Rise and shine everyone and Happy Friday!


The big news event today is the PCE Inflation numbers coming out for the US. As a recap, last month we saw the PCE numbers come in hotter than expected, which likely led to the Fed’s resolve of two further hikes this year.


Speaking of hikes, I’m sure you read our note on the upward revision in the GDP numbers to 2% for Q1, 2023 which quite possibly led to a firming of the Fed Fund Futures on rate hikes. The possibility of a rate cut moved from a first cut in January to traders now seeing the first cut coming in during May 2024. Bonds also sold off in response, causing the 10-year rate to spike.


In other news Nike reported numbers after the close and while they beat on Revenues, they missed on EPS. North American sales came in at 5%, lower than expected but, Greater China came in at 16%, better than expected. Gross Margins are stabilizing with a decline of -1.4% vs. -3% in the last quarter and inventory levels have also stabilized. They announced price increases to offset increasing costs, while still discounting to get rid of their older inventory.


US equity futures are trading higher this morning. Gold pulls back slightly. The US Dollar, rates, Bitcoin, Oil and Copper are all trading higher. The Yield Curve inverts further to 104bps.


Constellation Brands (STZ) reports before market open.


Asia and Australia

  • Asian equities ended mostly higher Friday. Small gains for mainland China, Australia, South Korea; India's Sensex hit fresh record high.
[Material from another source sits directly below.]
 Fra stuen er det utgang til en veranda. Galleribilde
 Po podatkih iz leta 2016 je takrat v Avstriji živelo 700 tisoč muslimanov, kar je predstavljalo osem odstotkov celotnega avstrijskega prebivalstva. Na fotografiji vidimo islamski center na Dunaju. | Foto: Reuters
  • China - Official manufacturing PMI was 49.0 in June, matching expectations, following 48.8 in the previous month, extending contractions to a third straight month. Slight improvement in manufacturing PMI, while still in contractionary territory. Services PMI slid mildly to 52.8

  • Japan Finance Minister Suzuki said authorities are closely watching FX moves with an "extremely high" sense of urgency after the yen weakened to the psychologically important 145 line against the dollar.

  • Tokyo core CPI rose 3.2% y/y in June, below consensus 3.4% and follows revised 3.1% in the previous month. Ex-fresh food & energy inflation edged lower to 3.8% from 3.9% -- easing from the highest reading since January 1982.

  • Japan’s Industrial production fell 1.6% m/m in May, weaker than expected 1.0% decline, following 0.7% rise in the previous month.

  • Mixed views on whether RBA will hike or hold at Tuesday's meeting - July 4.

  • South Korea May factory production unexpectedly rose, led by increased output of automobiles and semiconductors



Europe, Middle East, Africa

  • European equity markets higher.

  • Eurostat reported that EZ flash CPI estimate for June came in at 5.5% y/y vs 5.6% expected and 6.1% prior, while the core came in 5.4% vs 5.5% expected and 5.3% prior. This was the first acceleration for the core measure in three months.

  • UK avoids a recession in Q1, but outlook still weak. The ONS published the final UK Q1 GDP data, which confirmed the economy expanded 0.1%.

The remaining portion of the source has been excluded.